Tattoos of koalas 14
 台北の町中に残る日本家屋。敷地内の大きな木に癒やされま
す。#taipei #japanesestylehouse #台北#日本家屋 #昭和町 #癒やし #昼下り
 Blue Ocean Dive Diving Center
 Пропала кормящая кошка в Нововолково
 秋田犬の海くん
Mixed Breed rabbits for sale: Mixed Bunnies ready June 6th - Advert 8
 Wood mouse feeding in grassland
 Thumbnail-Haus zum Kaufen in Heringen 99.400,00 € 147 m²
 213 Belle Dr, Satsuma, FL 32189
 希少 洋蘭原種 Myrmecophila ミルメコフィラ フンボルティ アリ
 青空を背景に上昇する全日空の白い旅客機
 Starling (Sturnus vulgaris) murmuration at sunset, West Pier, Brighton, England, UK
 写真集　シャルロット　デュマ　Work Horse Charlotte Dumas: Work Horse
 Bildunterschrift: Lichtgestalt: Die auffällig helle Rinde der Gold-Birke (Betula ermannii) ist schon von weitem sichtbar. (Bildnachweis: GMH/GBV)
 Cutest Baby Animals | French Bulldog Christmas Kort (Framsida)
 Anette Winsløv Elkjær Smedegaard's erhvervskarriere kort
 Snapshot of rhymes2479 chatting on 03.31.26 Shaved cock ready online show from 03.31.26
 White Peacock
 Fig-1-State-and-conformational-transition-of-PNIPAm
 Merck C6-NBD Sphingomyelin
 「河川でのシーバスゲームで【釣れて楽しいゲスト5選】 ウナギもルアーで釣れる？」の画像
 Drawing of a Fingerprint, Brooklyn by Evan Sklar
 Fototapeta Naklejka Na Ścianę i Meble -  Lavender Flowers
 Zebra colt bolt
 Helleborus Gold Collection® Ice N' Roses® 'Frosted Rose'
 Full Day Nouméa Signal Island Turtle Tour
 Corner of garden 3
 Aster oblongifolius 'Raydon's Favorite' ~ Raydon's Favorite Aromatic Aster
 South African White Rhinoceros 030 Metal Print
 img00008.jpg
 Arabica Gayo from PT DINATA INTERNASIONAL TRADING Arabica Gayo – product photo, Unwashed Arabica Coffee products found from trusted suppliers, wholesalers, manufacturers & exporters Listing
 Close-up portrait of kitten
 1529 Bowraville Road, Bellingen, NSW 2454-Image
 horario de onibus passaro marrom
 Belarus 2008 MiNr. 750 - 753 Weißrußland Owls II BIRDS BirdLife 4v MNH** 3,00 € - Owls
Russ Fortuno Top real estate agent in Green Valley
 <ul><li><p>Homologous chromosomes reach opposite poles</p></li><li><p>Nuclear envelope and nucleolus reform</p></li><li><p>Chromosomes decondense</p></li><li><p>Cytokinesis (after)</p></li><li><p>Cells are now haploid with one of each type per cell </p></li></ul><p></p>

•••••

Goal of the exercise:
The required output is every line from the one that holds "img00008.jpg" through the last line of the listing above, retyped exactly and with nothing else.

Result:
 img00008.jpg
 Arabica Gayo from PT DINATA INTERNASIONAL TRADING Arabica Gayo – product photo, Unwashed Arabica Coffee products found from trusted suppliers, wholesalers, manufacturers & exporters Listing
 Close-up portrait of kitten
 1529 Bowraville Road, Bellingen, NSW 2454-Image
 horario de onibus passaro marrom
 Belarus 2008 MiNr. 750 - 753 Weißrußland Owls II BIRDS BirdLife 4v MNH** 3,00 € - Owls
Russ Fortuno Top real estate agent in Green Valley
 <ul><li><p>Homologous chromosomes reach opposite poles</p></li><li><p>Nuclear envelope and nucleolus reform</p></li><li><p>Chromosomes decondense</p></li><li><p>Cytokinesis (after)</p></li><li><p>Cells are now haploid with one of each type per cell </p></li></ul><p></p>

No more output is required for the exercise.